Turkish warplanes bombed Kurdish insurgent targets yesterday after militants staged what appeared to be their deadliest attack since the collapse of a two-year-old ceasefire in July and killed 16 government soldiers.

The military said its aircraft bombed 23 targets in a mountainous area near the Iraqi frontier yesterday. Another six soldiers had been wounded, but none were in critical condition.

The clashes, weeks before polls the AK Party hopes will restore its majority, threaten to sink a peace process President Tayyip Erdogan launched in 2012 in an attempt to end an insurgency that has killed more than 40,000 people.

Kurdistan Workers Party (PKK) rebels said they had killed 31 servicemen in an attack on a convoy and clashes on Sunday in the Daglica area of Hakkari province, near the Iraqi border. The army statement said 16 had died, making this the highest military death toll in a single attack for years.

“Those mountains will be cleared of these terrorists. Whatever it takes, they will be cleared,” Prime Minister Ahmet Davutoglu told a news conference after meeting with the chief of military staff.

The mountains, plains and cities of this country will not be left to terrorists

“The mountains, plains and cities of this country will not be left to terrorists. That’s it. Our sorrow is deep and grave.”

The PKK is designated a terrorist organisation by Turkey, the European Union and United States.

Erdogan said in an interview late on Sunday that the fight against the PKK would now become more determined. The unrest has raised questions over how security can be guaranteed for the November 1 vote. But Erdogan, who has dominated Turkish politics for over a decade and seeks a parliamentary mandate to extend his executive powers, said the election would go ahead. The pro-Kurdish Peoples’ Democratic Party (HDP), accused of being bound to the PKK, called for a renewed ceasefire and an extraordinary parliamentary meeting.

Demonstrators, wearing commando berets and holding pictures of the late Turkish army members who were killed by Kurdish militants, shout nationalist slogans during a protest against recent attacks on Turkish soldiers, in Istanbul, Turkey, yesterday.Demonstrators, wearing commando berets and holding pictures of the late Turkish army members who were killed by Kurdish militants, shout nationalist slogans during a protest against recent attacks on Turkish soldiers, in Istanbul, Turkey, yesterday.

Leader Selahattin Demirtas cut short a European visit, saying there could be no justification for killing.

“Two of our armoured vehicles suffered heavy damage after the detonation of hand-made explosives on the road.

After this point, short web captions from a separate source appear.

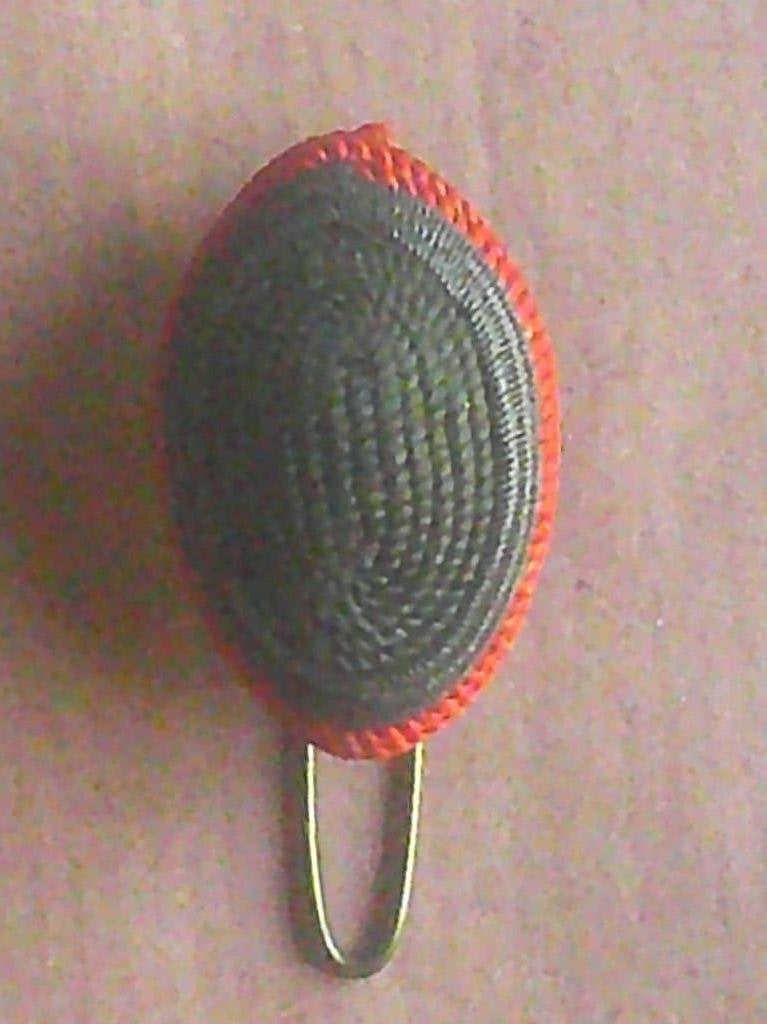 Macaron pour couvre-chefs officier de la garde civique belge, Collections, Envoi, Armée de terre, Emblème ou Badge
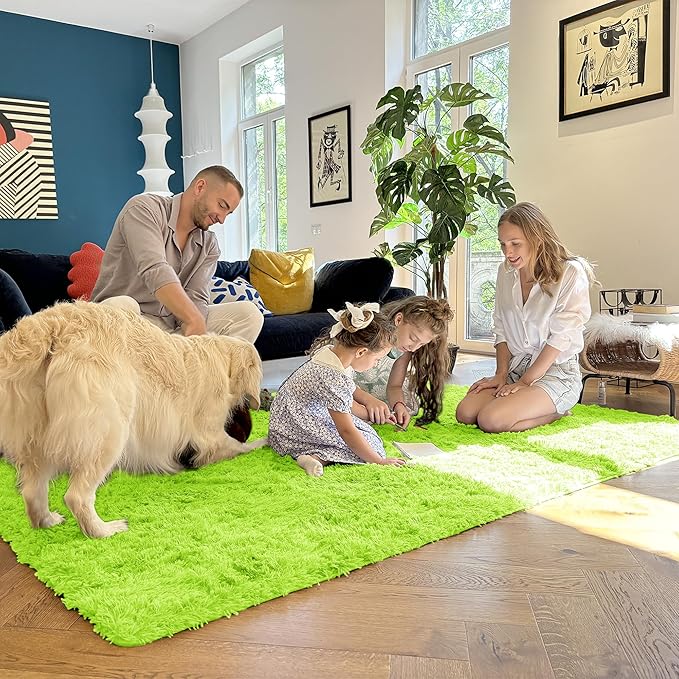 OLANLY 8x10 Machine Washable Large Area Rugs - Image 7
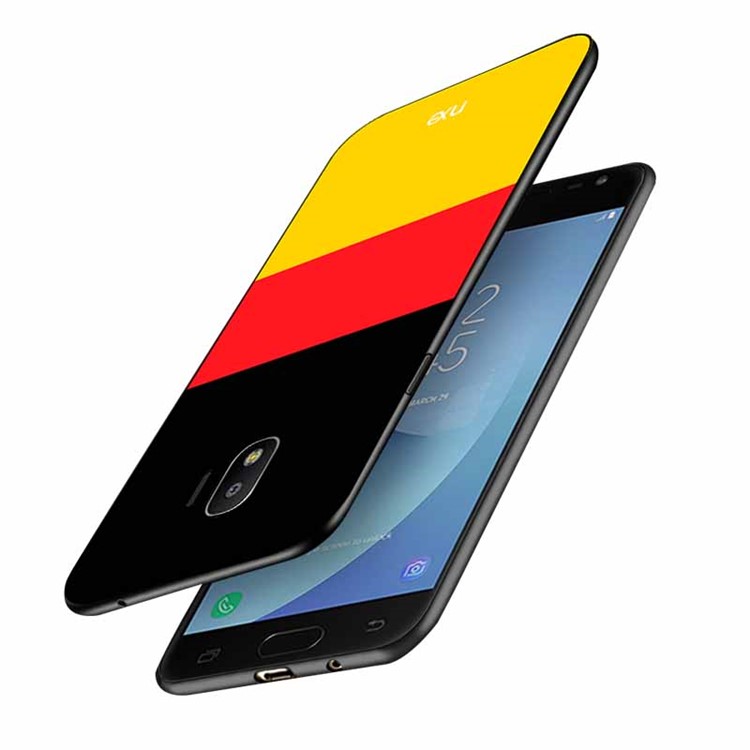 NXE 2018 World Cup Flag Pattern TPU Phone Cover for Samsung Galaxy J2 Pro 2018 - Flag of Germany-3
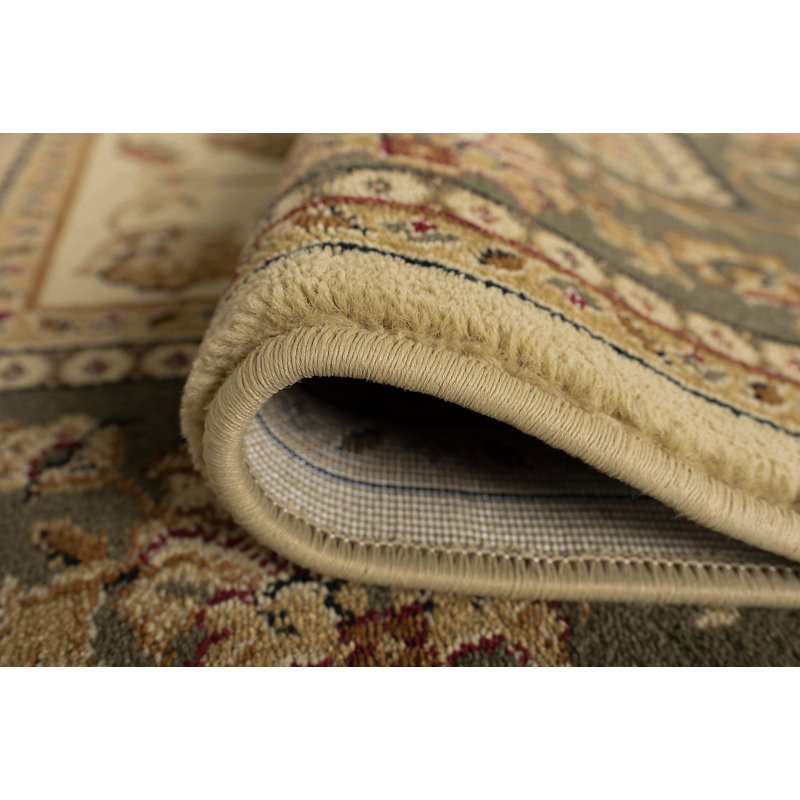 Tapis oriental ivoire Clarence, Rectangulaire 2 pi x 3 pi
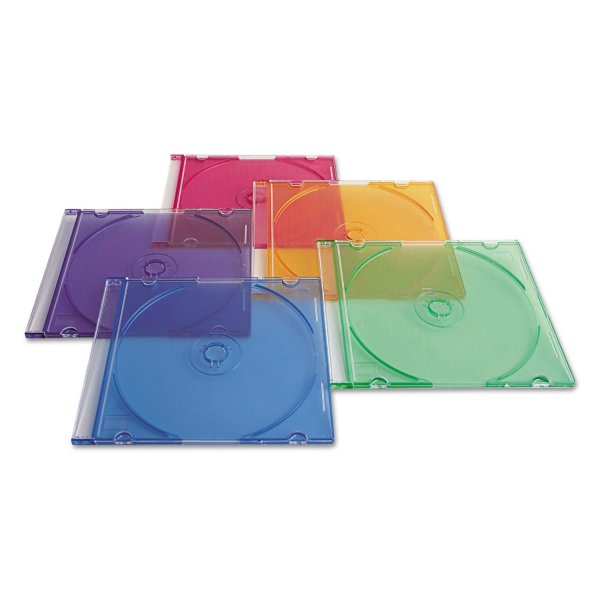VERBATIM 94178 CD/DVD Color Slimcases 50
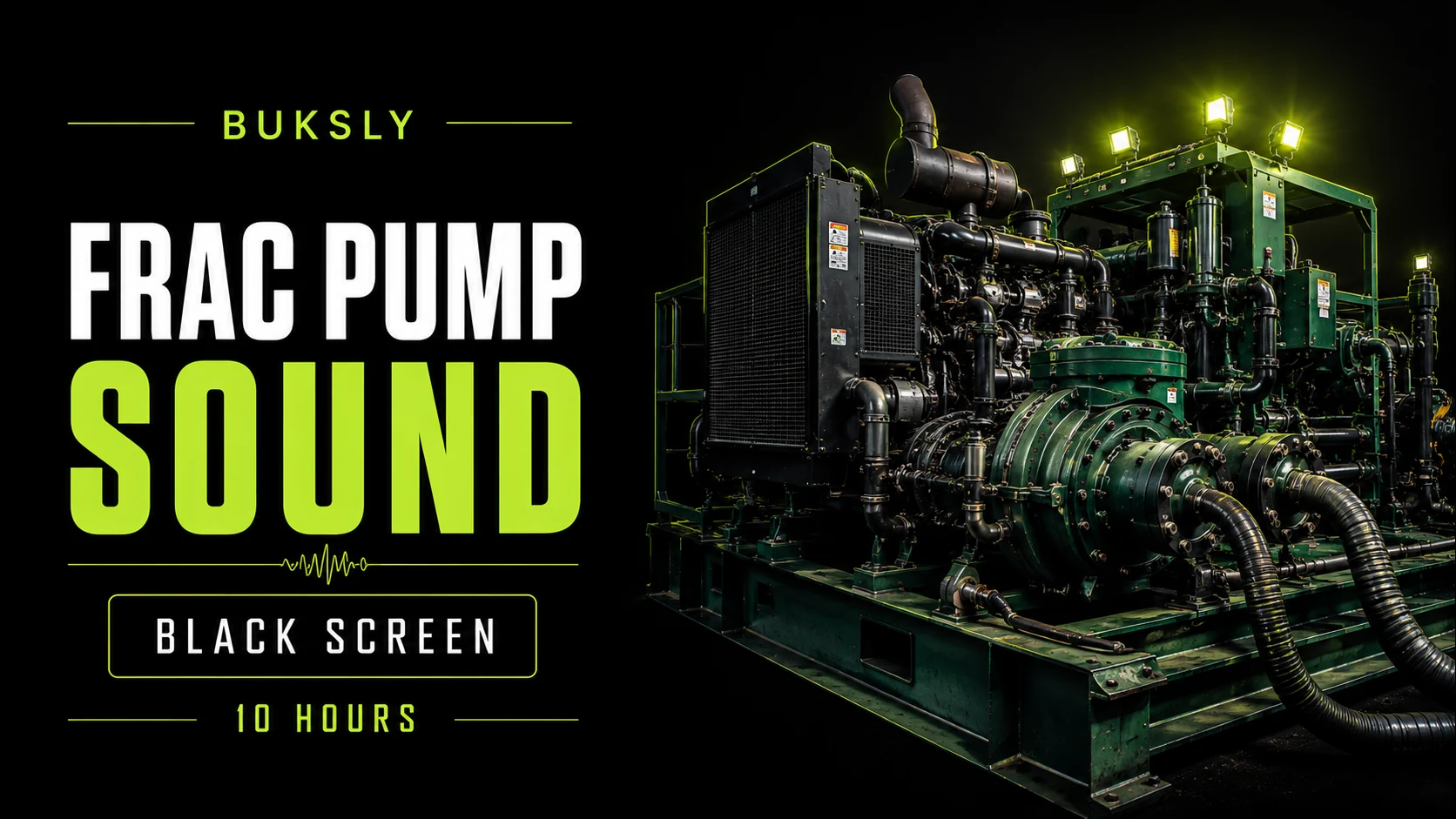 Frac Pump Sound Black Screen 10 Hours — Episode 4 cover image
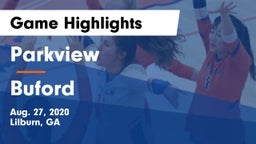 Parkview  vs Buford Game Highlights - Aug. 27, 2020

As a result of the blast, there were martyrs and wounded among our heroic armed comrades,” a military statement said.

A security source said that after the militants detonated explosives along the road, a clash broke out between the soldiers and fighters from the PKK.

Davutoglu chaired an emergency meeting with military and intelligence chiefs on Sunday night in Ankara following the attack, cutting short a visit to the city of Konya.

“The pain of our security forces who were martyred in the treacherous attack by the separatist terrorist organisation sears our hearts,” Erdogan said in a statement.

The PKK launched its insurgency in 1984 with the aim of carving out a state in the mainly Kurdish southeast. It later moderated its goal to strengthening Kurdish political rights.

Some Turks fear Kurds in Syria, backed by the United States in their fight against Islamic state, and Kurds in Iraq, as well as the PKK, harbour ambitions of an independent contiguous Kurdish state.